Now that the reaccreditation visit is four weeks away, I’ve directed my energy toward my manuscript. I’m fortunate enough to work at a college where I can audit a course with a Pulitzer Prize-winning and National Book Award-winning poet and that his course meets late afternoons once a week. I’ll have to come to work early and/or stay late in order to make up the time, but it’s a small sacrifice for the opportunity to learn and contribute to a community of poets on a weekly basis. I had a poem workshopped in the second class. I wasn’t quite sure about getting feedback from students—any of whom could be my child had I made different life choices. However, they had thoughtful suggestions and helped me to see how my poem resonated with their experiences.

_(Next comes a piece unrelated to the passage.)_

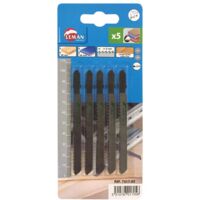5 hojas de sierra de calar CV - Lu. 75 mm paso 4 mm - corte grueso para madera - LEMAN - 7010.05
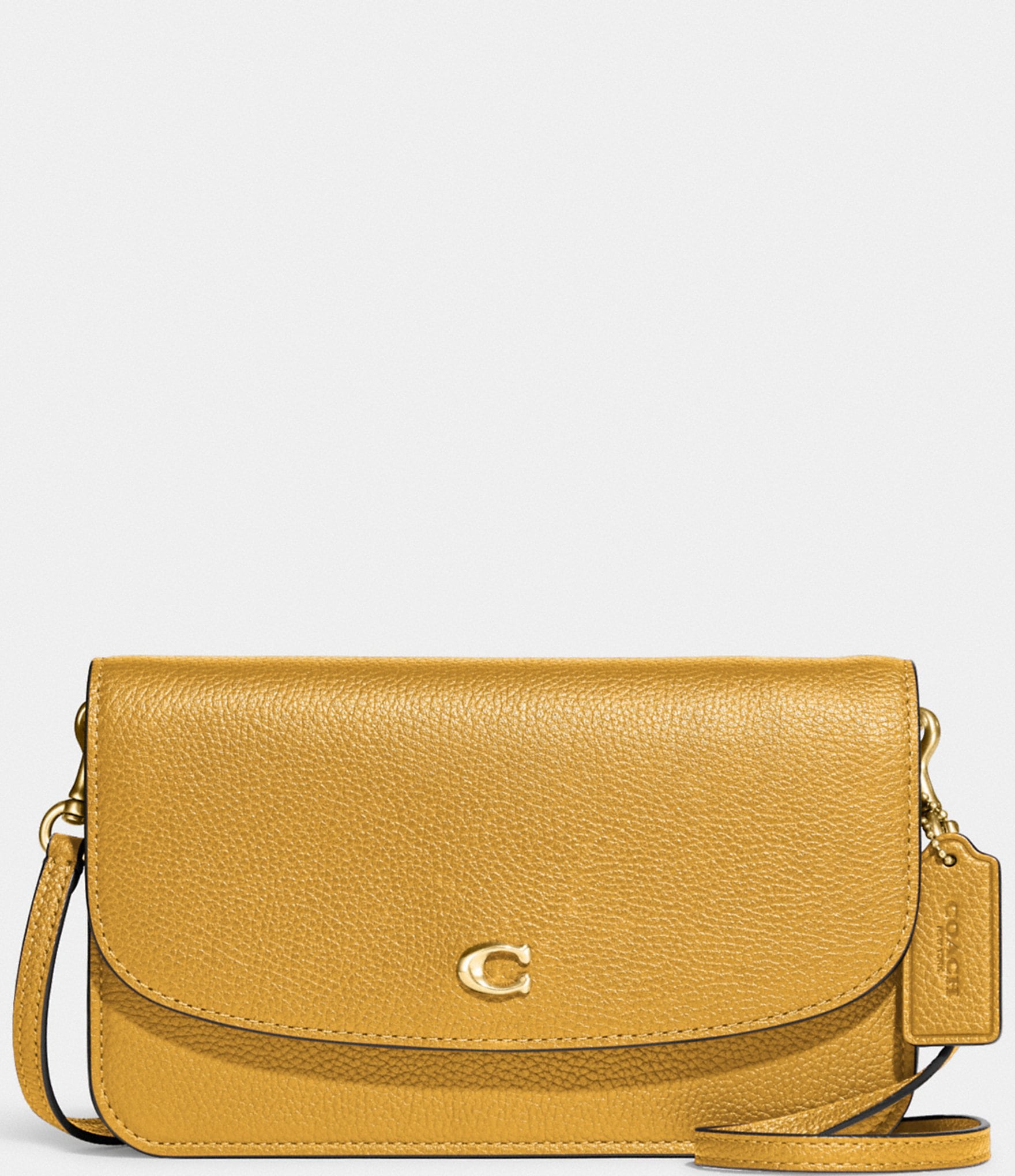 COACH Hayden Pebbled Leather Yellow Gold Crossbody Bag | Dillard's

As if taking a class on campus isn’t cool enough, I’ve been invited to submit a poem for MBTA’s Poetry on the T and to read with Lynne Viti on BlogTalk Radio’s Quintessential Listening program (check out this episode with writing faculty member, Heather Bryant).    These opportunities certainly make me feel like 2019 is indeed my year to flourish. Flourish is the one word I have chosen to embody this year, an idea inspired by this post by a friend on the OneWord365 website. I’m looking forward to what the other 324 days will bring.